In this state, only the following transitions are possible:
-
The endpoint can send a HEADERS frame. This causes the stream to open in a "half-closed (remote)" state.
-
Either endpoint can send a RST_STREAM frame to cause the stream to become "closed". This releases the stream reservation.
An endpoint MUST NOT send any type of frame other than HEADERS, RST_STREAM, or PRIORITY in this state.
A PRIORITY or WINDOW_UPDATE frame MAY be received in this state. Receiving any type of frame other than RST_STREAM, PRIORITY, or WINDOW_UPDATE on a stream in this state MUST be treated as a connection error (Section 5.4.1) of type PROTOCOL_ERROR.
reserved (remote): A stream in the "reserved (remote)" state has been reserved by a remote peer.
In this state, only the following transitions are possible:
-
Receiving a HEADERS frame causes the stream to transition to "half-closed (local)".
-
Either endpoint can send a RST_STREAM frame to cause the stream to become "closed". This releases the stream reservation.
An endpoint MAY send a PRIORITY frame in this state to reprioritize the reserved stream. An endpoint MUST NOT send any type of frame other than RST_STREAM, WINDOW_UPDATE, or PRIORITY in this state.
Receiving any type of frame other than HEADERS, RST_STREAM, or PRIORITY on a stream in this state MUST be treated as a connection error (Section 5.4.1) of type PROTOCOL_ERROR.
open: A stream in the "open" state may be used by both peers to send frames of any type. In this state, sending peers observe advertised stream-level flow-control limits (Section 5.2).
From this state, either endpoint can send a frame with an END_STREAM flag set, which causes the stream to transition into one of the "half-closed" states. An endpoint sending an END_STREAM flag causes the stream state to become "half-closed (local)"; an endpoint receiving an END_STREAM flag causes the stream state to become "half-closed (remote)".
Either endpoint can send a RST_STREAM frame from this state, causing it to transition immediately to "closed".
half-closed (local): A stream that is in the "half-closed (local)" state cannot be used for sending frames other than WINDOW_UPDATE, PRIORITY, and RST_STREAM.
A stream transitions from this state to "closed" when a frame is received with the END_STREAM flag set or when either peer sends a RST_STREAM frame.
An endpoint can receive any type of frame in this state. Providing flow-control credit using WINDOW_UPDATE frames is necessary to continue receiving flow-controlled frames. In this state, a receiver can ignore WINDOW_UPDATE frames, which might arrive for a short period after a frame with the END_STREAM flag set is sent.
PRIORITY frames received in this state are used to reprioritize streams that depend on the identified stream.
half-closed (remote): A stream that is "half-closed (remote)" is no longer being used by the peer to send frames. In this state, an endpoint is no longer obligated to maintain a receiver flow-control window.
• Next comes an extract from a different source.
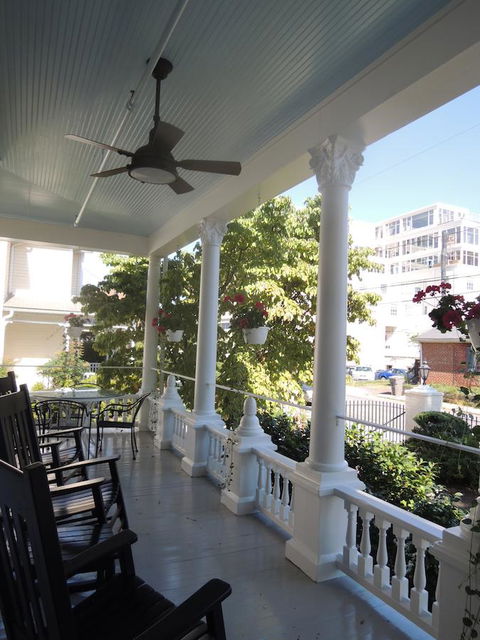 200 South Street Inn - LBG 37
If an endpoint receives additional frames, other than WINDOW_UPDATE, PRIORITY, or RST_STREAM, for a stream that is in this state, it MUST respond with a stream error (Section 5.4.2) of type STREAM_CLOSED.
A stream that is "half-closed (remote)" can be used by the endpoint to send frames of any type. In this state, the endpoint continues to observe advertised stream-level flow-control limits (Section 5.2).
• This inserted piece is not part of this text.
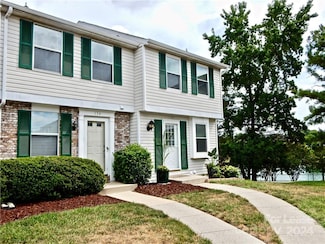 134 Water Oak Dr, Pineville, NC 28134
A stream can transition from this state to "closed" by sending a frame with the END_STREAM flag set or when either peer sends a RST_STREAM frame.
closed: The "closed" state is the terminal state.
An endpoint MUST NOT send frames other than PRIORITY on a closed stream. An endpoint that receives any frame other than PRIORITY after receiving a RST_STREAM MUST treat that as a stream error (Section 5.4.2) of type STREAM_CLOSED. Similarly, an endpoint that receives any frames after receiving a frame with the END_STREAM flag set MUST treat that as a connection error (Section 5.4.1) of type STREAM_CLOSED, unless the frame is permitted as described below.
WINDOW_UPDATE or RST_STREAM frames can be received in this state for a short period after a DATA or HEADERS frame containing an END_STREAM flag is sent. Until the remote peer receives and processes RST_STREAM or the frame bearing the END_STREAM flag, it might send frames of these types. Endpoints MUST ignore WINDOW_UPDATE or RST_STREAM frames received in this state, though endpoints MAY choose to treat frames that arrive a significant time after sending END_STREAM as a connection error (Section 5.4.1) of type PROTOCOL_ERROR.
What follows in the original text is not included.